The next time you eat at Duo Restaurant in Highland, you might notice something odd about your check.
Starting last week, the farm-to-table restaurant is adding a 2 percent “livable wage surcharge” to customer’s bills and giving all of it to its un-tipped, back-of-the-house staff.
“There is a wage discrepancy between kitchen staff and service staff,” said Keith Arnold, who co-owns the restaurant with his wife, Stephanie Bonin. “And how that happened is anytime a restaurant needs to increase menu prices to cover anything — rent, energy, increased wages, you name it — when you do that, the service staff gets an automatic pay increase. The kitchen does not.”
So how does that happen?
Well, even aside from tips, kitchen staff are paid differently than servers and hosts.

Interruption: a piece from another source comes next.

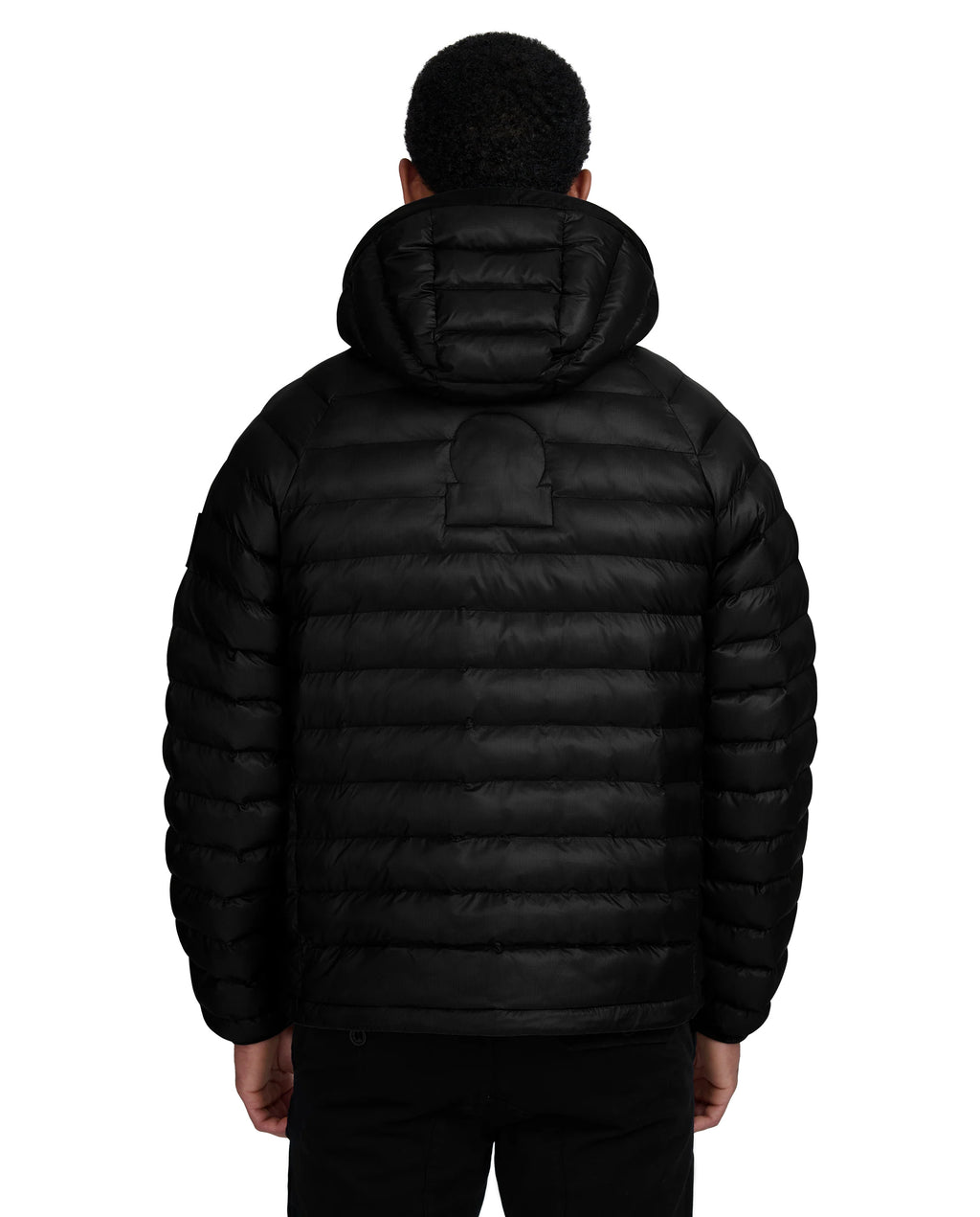 Men's Sandbanks Black Ragland Hooded Ripstop Micro Puffer Jacket - image 4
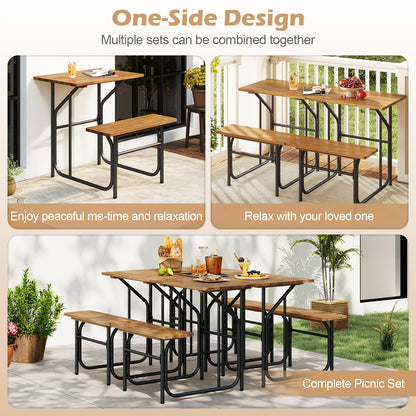 Acacia Wood Patio Table Bench Set One-Side Picnic Table and Seat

“Every January 1 there’s a minimum wage increase and that only hits the service staff,” Arnold explains. “Service staff make service staff minimum wage. It was $2.13 an hour maybe as little as six years ago. Now, it’s 6 something — $6.28. That’s a 300 percent increase, based on the law. And we already pay our back of the house more than minimum wage. They don’t get a bump.”
So that’s where it starts. Now the restaurant has to cover that wage increase, among the other expenses Arnold mentioned, by raising menu prices. And if your food costs more, your 20 percent tip is going to be more. That’s where the gap really grows.
And, no, they can’t mandate tip sharing with back-of-the-house staff. It’s against the law.
“It’s not intuitive to the average diner, which puts us in this role where now we’re educators. I don’t want to be … but the fact of the matter is there’s a problem and we reached a point where we needed to do something to fix it,” Arnold said.
“We’re not doing this to be disruptive. We’re not doing this for any special media coverage … I am all for supporting my incredible team. So that’s why we did this.”